King nabbed former first-round pick Shane Larkin, traded for rookie Rondae Hollis-Jefferson, and used the 29th overall pick this year (from Atlanta) to take Syracuse swingman Chris McCullough, who is still recovering from anterior cruciate ligament surgery.

But with little youth to inject into the lineup, King is relegated to using his veterans — tabbing Brook Lopez and Young as cornerstones — and then waiting, and waiting, for the Celtics’ draft pick stranglehold to end. It will be a while. The Celtics have the right to swap first-round picks with Brooklyn in 2017 and also own the Nets’ 2018 first-rounder.
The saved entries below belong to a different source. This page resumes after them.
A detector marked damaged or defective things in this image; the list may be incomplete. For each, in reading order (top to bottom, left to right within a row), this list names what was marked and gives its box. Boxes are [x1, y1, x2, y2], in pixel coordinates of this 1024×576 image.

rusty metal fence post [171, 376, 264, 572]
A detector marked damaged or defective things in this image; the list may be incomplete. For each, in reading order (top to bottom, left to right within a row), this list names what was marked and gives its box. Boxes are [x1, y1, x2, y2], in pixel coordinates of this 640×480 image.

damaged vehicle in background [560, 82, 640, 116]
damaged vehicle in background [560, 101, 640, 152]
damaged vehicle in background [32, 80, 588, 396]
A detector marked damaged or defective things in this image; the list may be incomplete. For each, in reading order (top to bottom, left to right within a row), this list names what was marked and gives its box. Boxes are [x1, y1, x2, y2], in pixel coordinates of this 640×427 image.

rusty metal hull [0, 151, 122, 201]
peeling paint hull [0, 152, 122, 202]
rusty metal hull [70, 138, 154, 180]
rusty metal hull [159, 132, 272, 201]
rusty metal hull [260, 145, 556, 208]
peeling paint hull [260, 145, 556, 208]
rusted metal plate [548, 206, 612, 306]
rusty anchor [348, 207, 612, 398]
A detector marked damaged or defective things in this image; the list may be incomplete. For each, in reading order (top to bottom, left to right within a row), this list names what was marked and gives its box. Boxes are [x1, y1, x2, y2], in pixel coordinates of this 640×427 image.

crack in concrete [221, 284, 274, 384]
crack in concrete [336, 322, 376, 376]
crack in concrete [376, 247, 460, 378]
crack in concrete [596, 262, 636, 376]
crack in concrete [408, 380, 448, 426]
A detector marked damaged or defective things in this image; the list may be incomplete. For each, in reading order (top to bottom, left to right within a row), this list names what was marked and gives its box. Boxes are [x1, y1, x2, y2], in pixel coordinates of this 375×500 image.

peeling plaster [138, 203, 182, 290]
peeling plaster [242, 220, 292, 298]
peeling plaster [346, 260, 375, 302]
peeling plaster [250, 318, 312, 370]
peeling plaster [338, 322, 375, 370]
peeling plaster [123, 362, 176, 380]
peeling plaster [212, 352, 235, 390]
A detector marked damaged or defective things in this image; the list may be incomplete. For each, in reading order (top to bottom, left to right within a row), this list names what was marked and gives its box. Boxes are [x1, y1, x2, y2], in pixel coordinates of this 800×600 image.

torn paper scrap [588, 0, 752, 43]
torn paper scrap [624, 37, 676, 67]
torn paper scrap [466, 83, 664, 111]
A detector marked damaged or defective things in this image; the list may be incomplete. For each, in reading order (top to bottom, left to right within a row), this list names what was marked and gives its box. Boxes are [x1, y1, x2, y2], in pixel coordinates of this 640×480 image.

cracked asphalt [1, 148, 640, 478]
“Well that’s what we said when we re-signed those guys,” King said of Lopez and Young. “I said, ‘If you’re coming back, I need you guys to be the leaders of this team and not accept certain things.’ I think Thaddeus and Brook have made more efforts to be more vocal.”

On Friday, Young, a former lottery pick of the Philadelphia 76ers who has found stability in Brooklyn, ripped into his team for its lack of effort.
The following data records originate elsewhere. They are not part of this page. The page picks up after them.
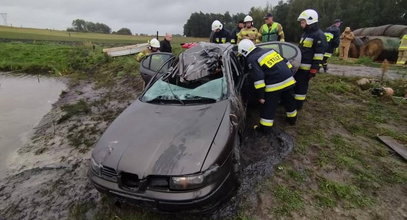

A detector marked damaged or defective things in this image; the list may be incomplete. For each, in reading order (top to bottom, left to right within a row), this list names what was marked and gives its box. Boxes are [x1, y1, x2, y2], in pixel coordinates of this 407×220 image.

shattered windshield [143, 75, 226, 104]
crashed car [88, 41, 300, 211]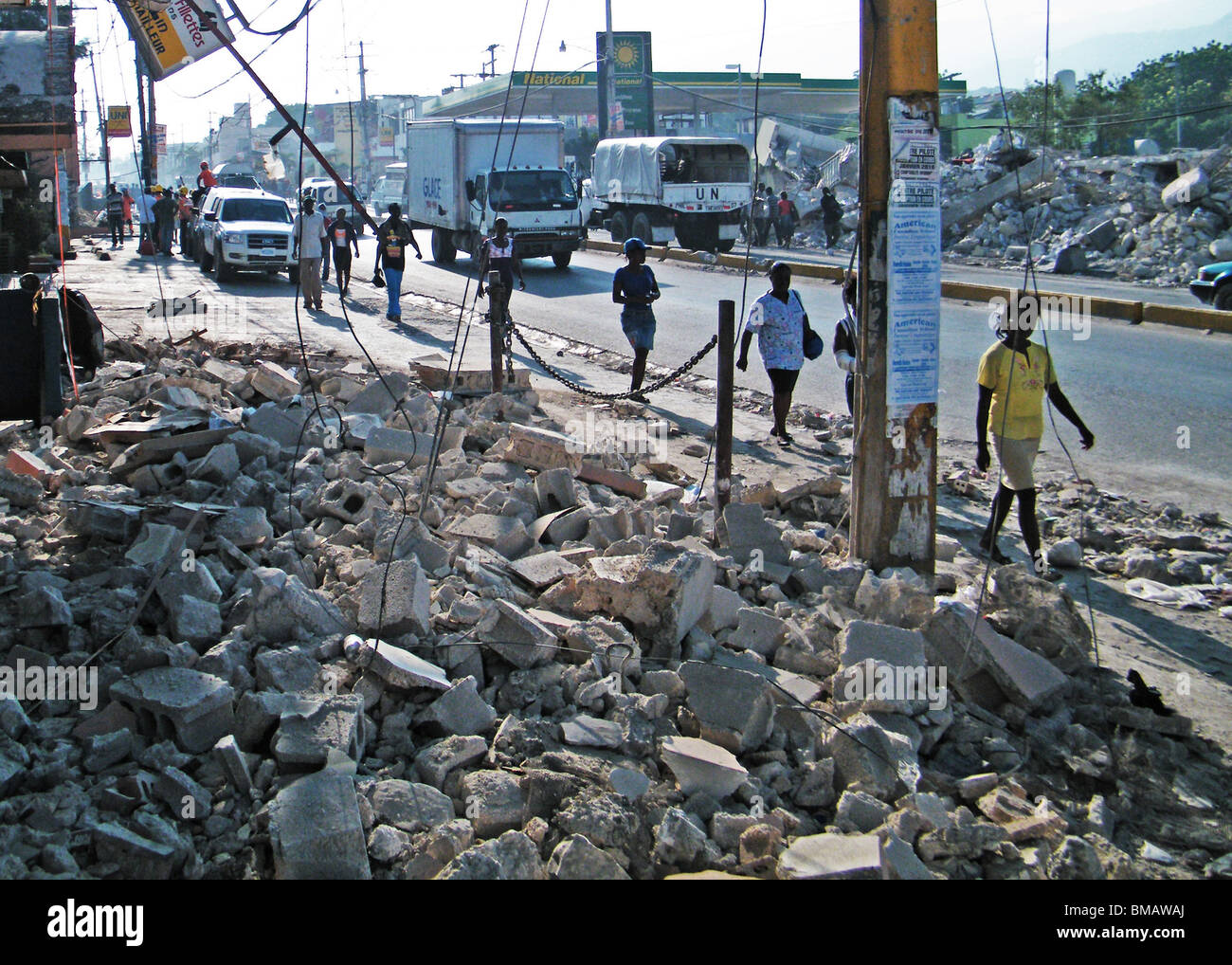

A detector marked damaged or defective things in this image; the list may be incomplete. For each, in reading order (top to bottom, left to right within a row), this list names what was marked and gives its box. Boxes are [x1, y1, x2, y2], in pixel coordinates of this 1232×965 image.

broken concrete block [499, 428, 581, 478]
broken concrete block [448, 512, 534, 559]
broken concrete block [719, 502, 788, 569]
broken concrete block [359, 559, 430, 641]
broken concrete block [342, 635, 448, 690]
broken concrete block [112, 670, 236, 758]
broken concrete block [277, 695, 371, 769]
broken concrete block [416, 734, 487, 789]
broken concrete block [421, 680, 498, 739]
broken concrete block [561, 715, 625, 749]
broken concrete block [660, 739, 744, 798]
broken concrete block [679, 665, 773, 754]
broken concrete block [274, 774, 374, 877]
broken concrete block [371, 778, 461, 832]
broken concrete block [458, 769, 524, 838]
broken concrete block [549, 838, 630, 882]
broken concrete block [778, 832, 886, 877]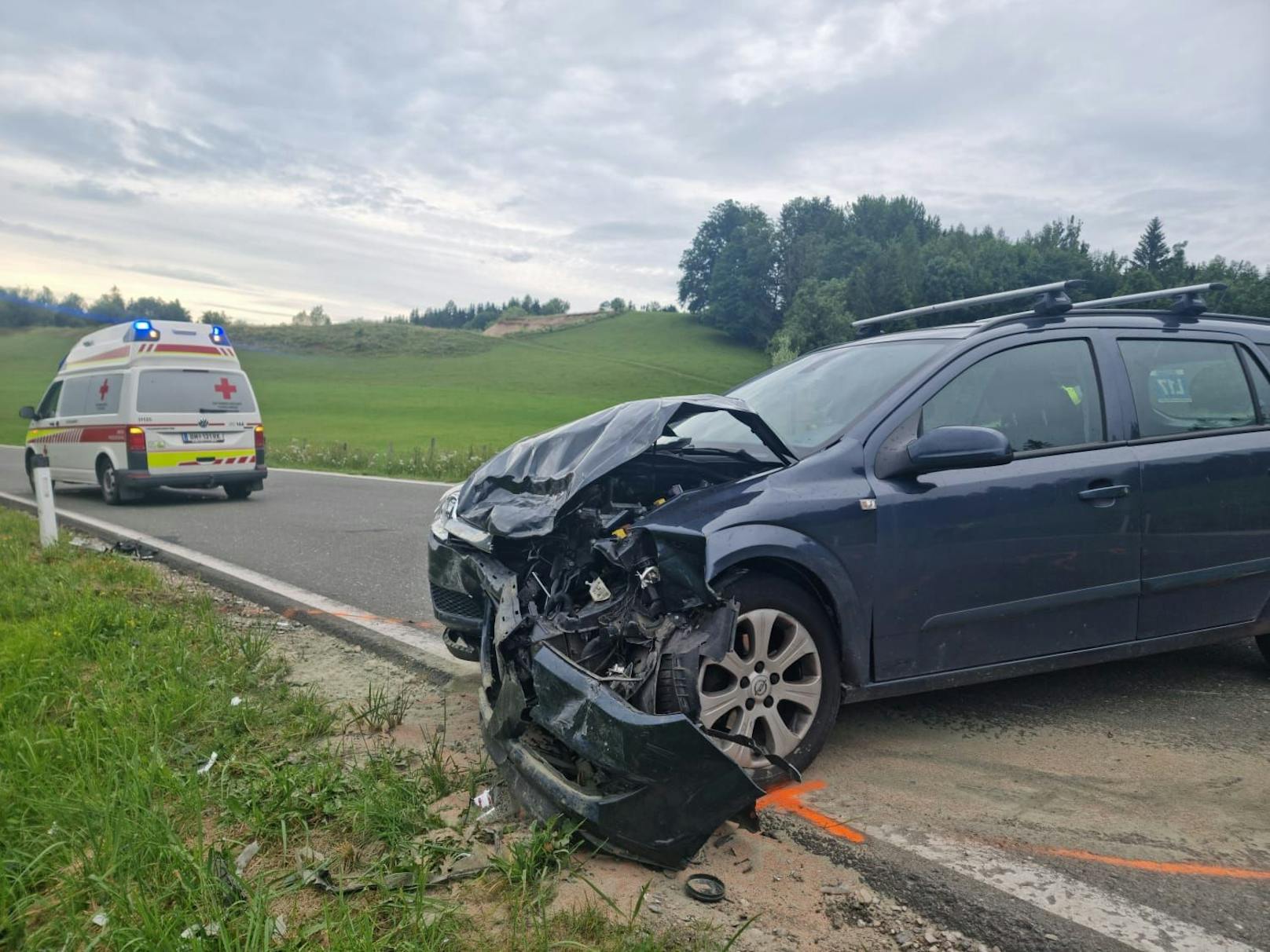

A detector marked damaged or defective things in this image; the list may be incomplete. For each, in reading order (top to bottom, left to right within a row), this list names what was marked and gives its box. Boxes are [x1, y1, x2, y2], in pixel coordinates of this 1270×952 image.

“We just basically let them do whatever they wanted to do,” he said. “Defensively we just played terribly in every position, including myself. We played terrible; we played terrible, that’s the only thing you can say right now. We came out and thought that we were ready and we weren’t. There’s no excuse for how we played tonight.”

The Nets dropped their first seven games, won at Houston, had Golden State beaten before losing after allowing a tying 3-pointer to send the game into overtime, and then came back to beat Atlanta. They had been increasingly competitive over the past few games — until Friday.
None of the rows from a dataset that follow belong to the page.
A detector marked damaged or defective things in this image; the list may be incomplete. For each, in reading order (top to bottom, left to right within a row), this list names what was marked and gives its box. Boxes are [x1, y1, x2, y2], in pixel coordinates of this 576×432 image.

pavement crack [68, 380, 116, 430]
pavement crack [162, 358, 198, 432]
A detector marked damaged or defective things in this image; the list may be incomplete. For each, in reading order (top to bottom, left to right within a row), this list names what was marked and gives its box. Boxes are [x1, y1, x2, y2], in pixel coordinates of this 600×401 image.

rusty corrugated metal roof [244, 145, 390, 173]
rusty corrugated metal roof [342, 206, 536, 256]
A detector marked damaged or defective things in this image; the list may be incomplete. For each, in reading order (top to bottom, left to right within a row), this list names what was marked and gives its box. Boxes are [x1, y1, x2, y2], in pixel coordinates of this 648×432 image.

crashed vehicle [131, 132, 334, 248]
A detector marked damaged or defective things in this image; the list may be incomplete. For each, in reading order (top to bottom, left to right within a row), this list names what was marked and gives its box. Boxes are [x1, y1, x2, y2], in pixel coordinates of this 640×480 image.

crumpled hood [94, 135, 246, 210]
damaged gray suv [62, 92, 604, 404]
In today’s salary cap-driven NBA, draft picks have become even more valuable, and King handed three first-rounders to the Celtics — the first eventually became James Young — for a berth in the Eastern Conference semifinals with Pierce and Garnett.

“Not having the picks, you’ve got to figure out other ways to get it, second-round picks,” King said. “If you don’t have picks, you just get young guys.”


King said he talks with coach Lionel Hollins on a daily basis. They agree they are going to combine their fortitude to put the house back together. Trading for Pierce, Garnett, and Terry was a franchise-altering risk.

Pierce played one productive year but the Nets didn’t try to re-sign him and he headed for Washington. Garnett played hard for the Nets but wasn’t the impact player he was in Boston, and King shipped him to Minnesota in the deal for Young. Terry didn’t even play a full season in Brooklyn before being shipped to Sacramento. So the residuals from the trade were nothing but rubble for King.

The salaries of Johnson ($24.8 million) and Jack ($6.3 million) come off the books this summer, giving King a chance to chase a premium free agent with the advantage of selling the New York market.

“We took our shot and it didn’t work,” he said. “And now to see some of these guys develop and to get it back and for us to have the cap space [next summer], we can do it pretty quickly. We want to win but we knew we may take a step back when some of the decisions were made. But what I like is we’ve put ourselves in the position to beat a Golden State, we just didn’t make the right plays. That’s just learning how to win. We’re talking the steps.”

The Celtics will benefit greatly from King’s costly gamble, and their faithful should keep abreast of Brooklyn’s scores because this may be the best draft pick Boston gets for several years. It adds intrigue to an already intriguing season, and the grand prize will come in June.